Data below:
______
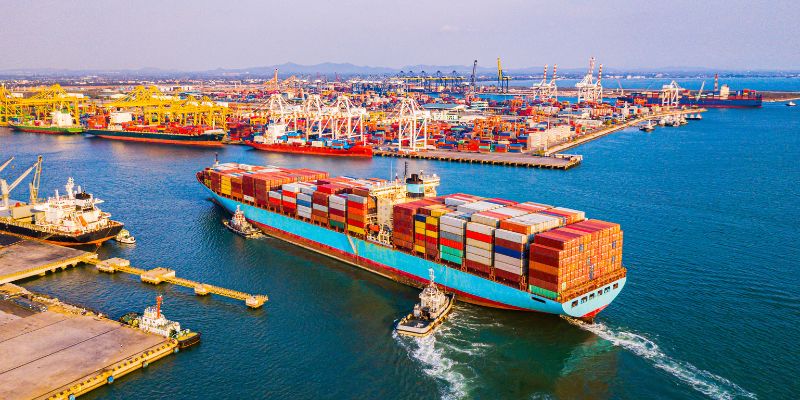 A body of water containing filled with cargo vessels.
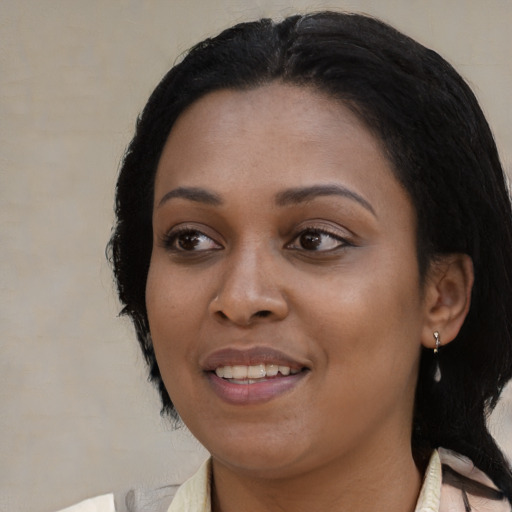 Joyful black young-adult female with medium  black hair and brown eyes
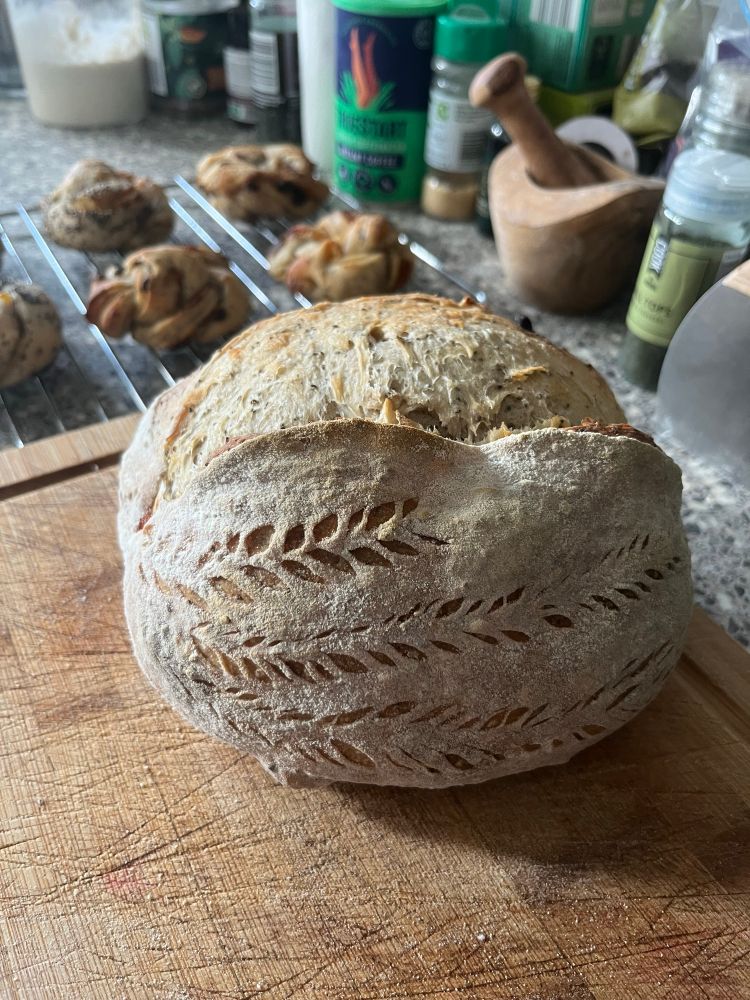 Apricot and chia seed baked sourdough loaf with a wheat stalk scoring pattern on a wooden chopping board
______
Required work:
Precisely the lines from the one containing "Joyful black young-adult" to the end of the data above, both included, should be printed; leave the pictures out.

Reply:
 Joyful black young-adult female with medium  black hair and brown eyes
 Apricot and chia seed baked sourdough loaf with a wheat stalk scoring pattern on a wooden chopping board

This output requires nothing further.